Task prompt: Reproduce the lines below exactly, from the one containing "Cao LãnhKHÁCH SẠN ĐẾ VƯƠNG的一间带卫生间和玻璃淋浴间的浴室" through the one containing "Zara Düğmeli Beyaz Pamuklu Kadın Gömlek", both included. Leave out any pictures.

Data to examine:
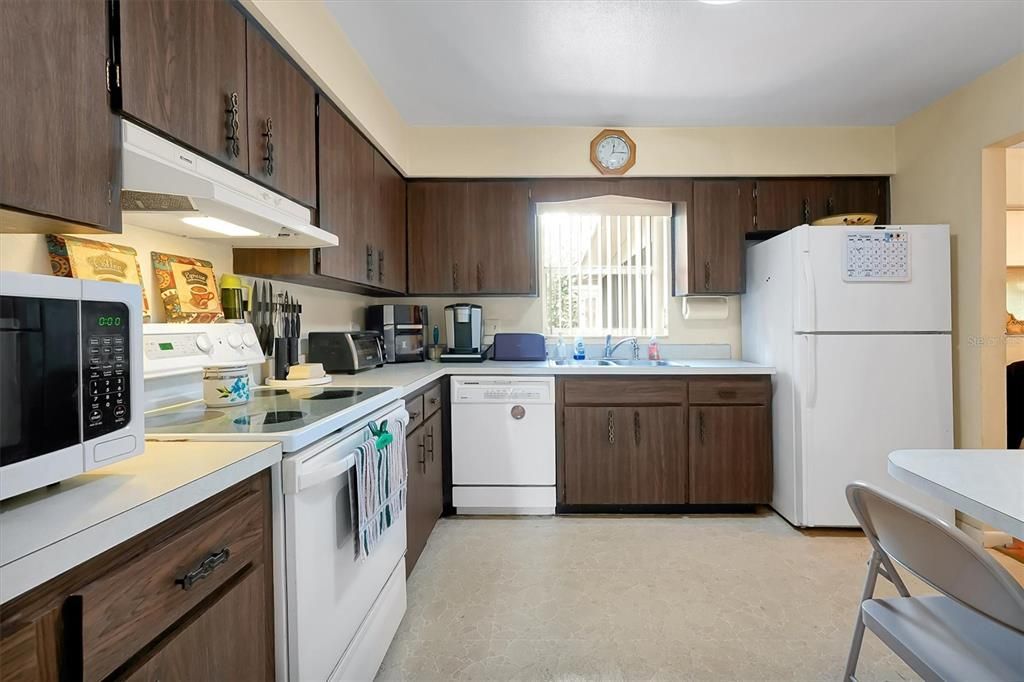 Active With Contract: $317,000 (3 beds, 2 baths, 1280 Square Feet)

---

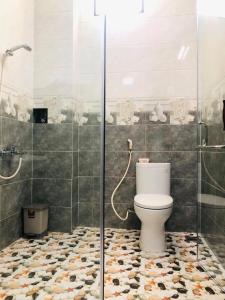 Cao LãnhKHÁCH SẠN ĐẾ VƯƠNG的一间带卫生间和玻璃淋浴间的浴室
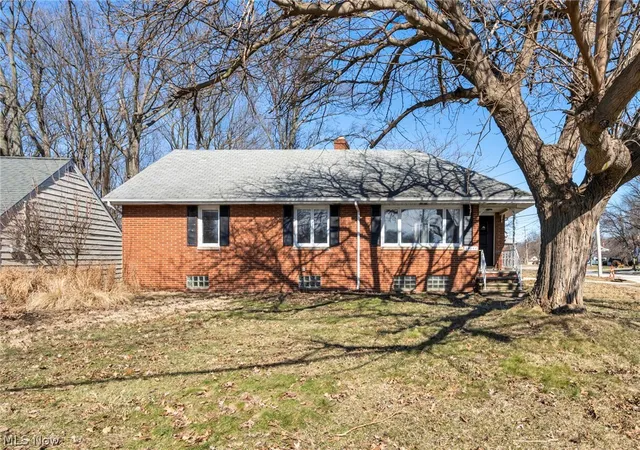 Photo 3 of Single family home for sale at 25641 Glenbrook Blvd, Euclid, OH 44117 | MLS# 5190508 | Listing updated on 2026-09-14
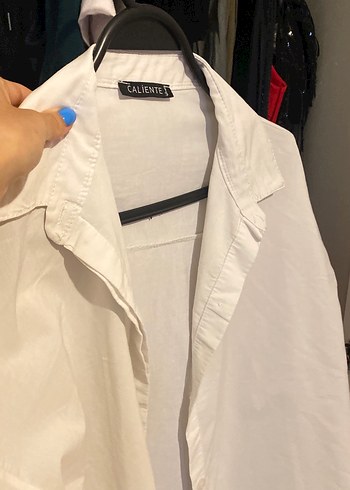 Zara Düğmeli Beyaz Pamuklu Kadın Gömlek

--

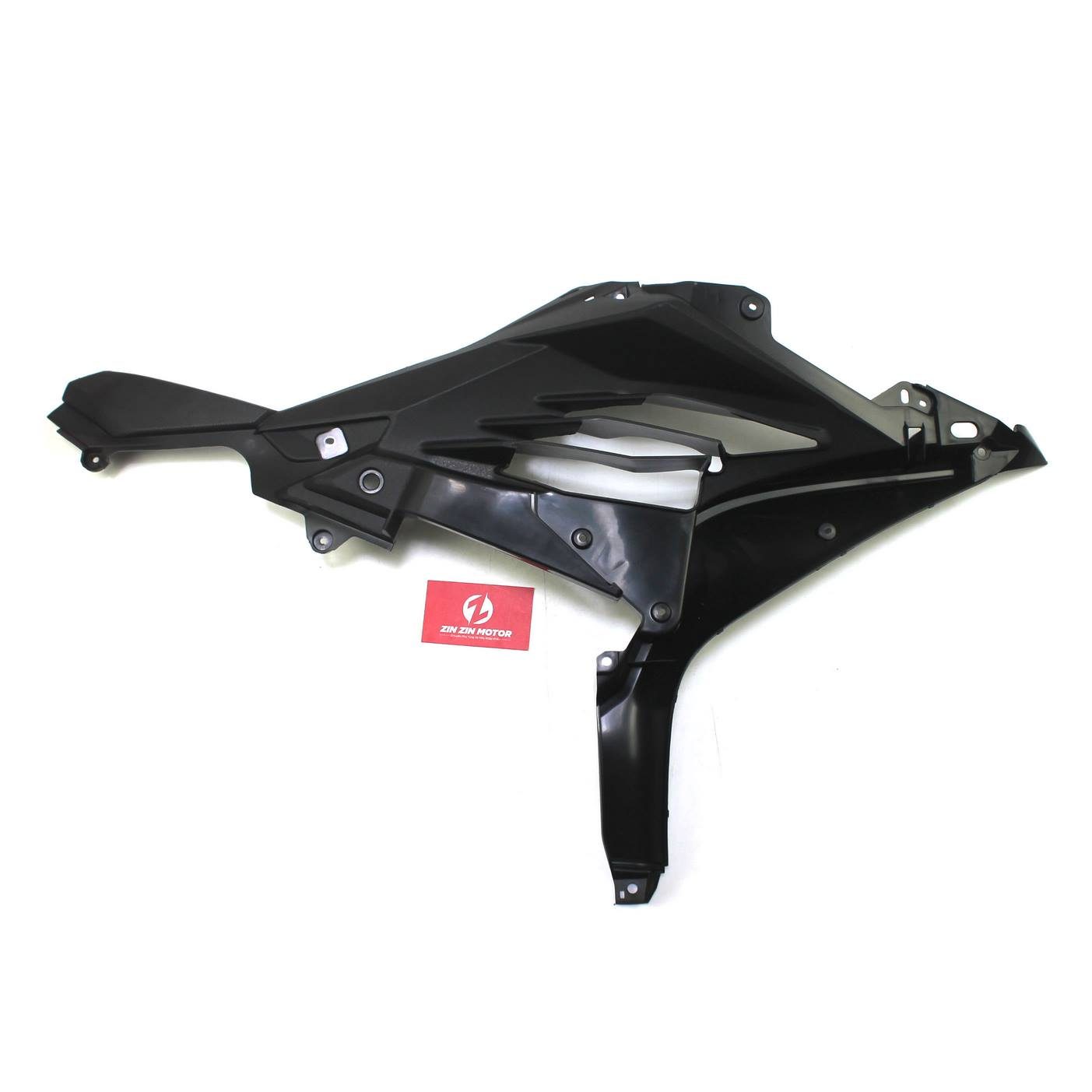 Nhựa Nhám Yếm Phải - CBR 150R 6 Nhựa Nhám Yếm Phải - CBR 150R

Answer section:
 Cao LãnhKHÁCH SẠN ĐẾ VƯƠNG的一间带卫生间和玻璃淋浴间的浴室
 Photo 3 of Single family home for sale at 25641 Glenbrook Blvd, Euclid, OH 44117 | MLS# 5190508 | Listing updated on 2026-09-14
 Zara Düğmeli Beyaz Pamuklu Kadın Gömlek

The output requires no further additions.